Write out every record below exactly, leaving the pictures out.

+===+

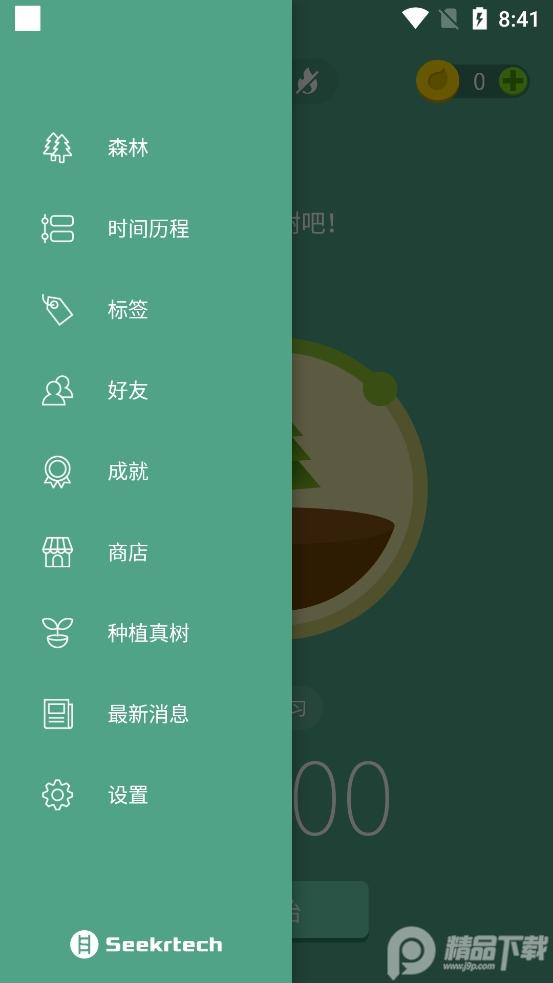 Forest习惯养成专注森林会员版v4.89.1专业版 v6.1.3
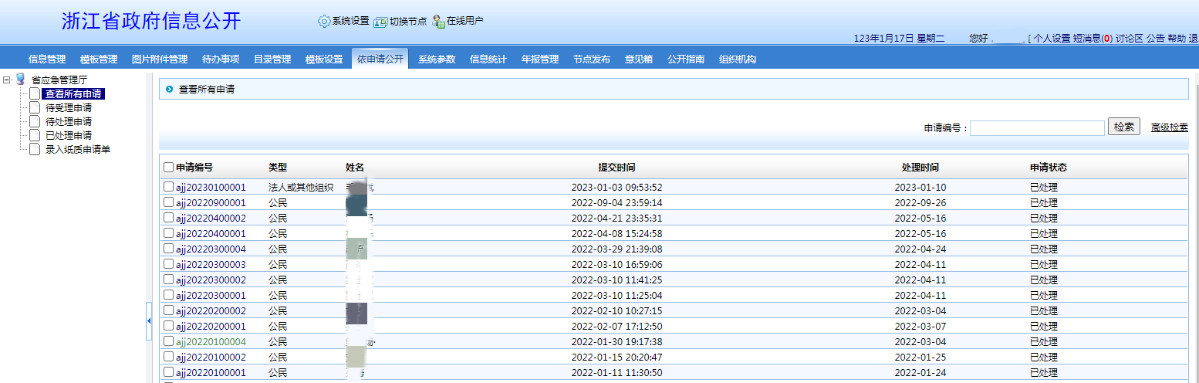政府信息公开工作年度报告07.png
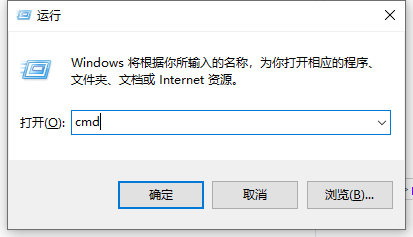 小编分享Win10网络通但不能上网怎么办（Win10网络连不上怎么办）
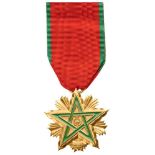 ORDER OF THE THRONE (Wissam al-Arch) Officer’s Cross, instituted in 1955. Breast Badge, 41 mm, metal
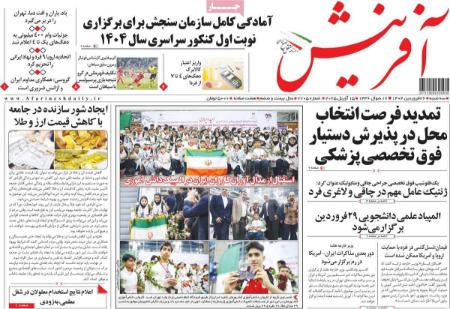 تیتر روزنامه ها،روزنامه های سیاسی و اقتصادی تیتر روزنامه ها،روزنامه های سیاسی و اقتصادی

+===+

Written answer:
 Forest习惯养成专注森林会员版v4.89.1专业版 v6.1.3
政府信息公开工作年度报告07.png
 小编分享Win10网络通但不能上网怎么办（Win10网络连不上怎么办）
 ORDER OF THE THRONE (Wissam al-Arch) Officer’s Cross, instituted in 1955. Breast Badge, 41 mm, metal
 تیتر روزنامه ها،روزنامه های سیاسی و اقتصادی تیتر روزنامه ها،روزنامه های سیاسی و اقتصادی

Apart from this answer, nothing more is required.